Francis Mathy は、ここで神に対して、罪に対して、死に対してという三つの日本人の無
関心を数え上げている。遠藤周作は、日本人としてそのような特徴をその血のうちに持っ
ていた。そして、異なった血液型から輸血を受けることは困難である。ところが、彼は、
母が彼を洗礼させることによって与えた«洋服»によって輸血を受けた。これが、彼のすべ
ての戦いのよってきたるところである。彼がカトリック教徒になったということから、彼
の人生のすべてが観察され評価されるべきである。最初の 30 年間は、東洋と西洋のあい
だの深い溝、一神教と汎神教のあいだの亀裂、裏切りの問題に没頭した。

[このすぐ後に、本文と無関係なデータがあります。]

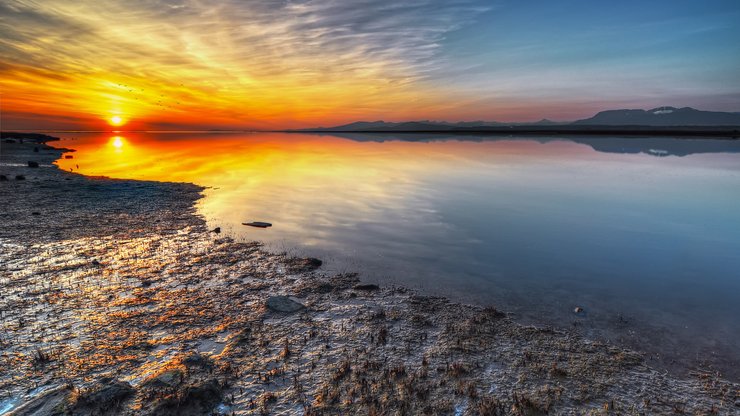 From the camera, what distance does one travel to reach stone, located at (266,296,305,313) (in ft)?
36.5

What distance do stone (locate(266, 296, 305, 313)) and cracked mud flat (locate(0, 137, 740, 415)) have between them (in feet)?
0.93

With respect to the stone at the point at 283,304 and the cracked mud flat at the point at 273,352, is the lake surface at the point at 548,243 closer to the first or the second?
the cracked mud flat at the point at 273,352

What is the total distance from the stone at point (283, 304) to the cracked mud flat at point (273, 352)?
0.93 ft

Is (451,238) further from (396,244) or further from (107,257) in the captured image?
(107,257)

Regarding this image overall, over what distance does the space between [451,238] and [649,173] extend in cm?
4375

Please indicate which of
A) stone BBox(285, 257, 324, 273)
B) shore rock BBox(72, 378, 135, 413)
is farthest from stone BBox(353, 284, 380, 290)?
shore rock BBox(72, 378, 135, 413)

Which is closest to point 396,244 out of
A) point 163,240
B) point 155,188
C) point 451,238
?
point 451,238

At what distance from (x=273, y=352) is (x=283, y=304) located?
2.53 metres

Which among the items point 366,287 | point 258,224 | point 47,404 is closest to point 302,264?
point 366,287

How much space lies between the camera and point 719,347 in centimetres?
935

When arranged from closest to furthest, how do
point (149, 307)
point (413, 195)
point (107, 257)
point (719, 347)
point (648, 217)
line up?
point (719, 347) → point (149, 307) → point (107, 257) → point (648, 217) → point (413, 195)

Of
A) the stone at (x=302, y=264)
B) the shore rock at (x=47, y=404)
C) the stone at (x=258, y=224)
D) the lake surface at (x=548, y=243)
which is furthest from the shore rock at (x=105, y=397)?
the stone at (x=258, y=224)

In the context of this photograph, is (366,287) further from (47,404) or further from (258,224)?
(258,224)

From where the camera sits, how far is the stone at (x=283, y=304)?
1113 cm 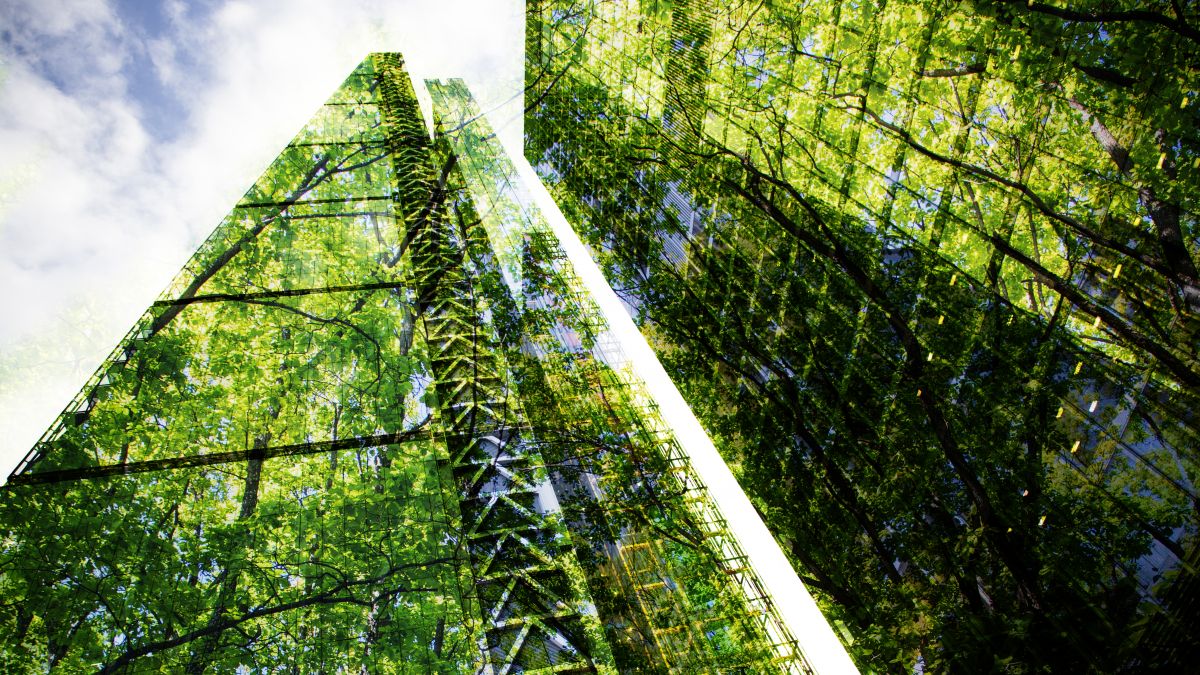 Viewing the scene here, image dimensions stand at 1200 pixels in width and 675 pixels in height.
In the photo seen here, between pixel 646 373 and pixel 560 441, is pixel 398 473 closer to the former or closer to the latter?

フランスでの 3
年間で、東洋と西洋の対立は罪の意識の有無によることがわかる。ついで、日本に戻って、
つらい病気の時期を過ごしたが、それは、精神的純化と新しい段階への準備の時期であっ
た。西洋のキリスト教的伝統に直面した日本人らしさに関する問題は、新たな深みに達し
た。問題は、苦しみ、死、神に向かってさらに進んだ。さらに、遠藤は、キリスト教を日
本の宗教的・文化的基礎に適合するようにするやりかたがあることがわかり、新しいキリ
ストのイメージを作り始めた。この新しいキリストのイメージは新しい普遍性の性質を持
ち、人間の心の中で働き、人生を突き動かす力となるものである。
東洋と西洋の対立、裏切り、罪の意識、悪、人間の心における無意識の悪意、弱者の
救済、母性的な宗教に向かうキリストの新しいイメージ、苦しみと救い、身代わり、働き
としての神。こうした事柄は、遠藤周作の小説にくりかえしあらわれるテーマである。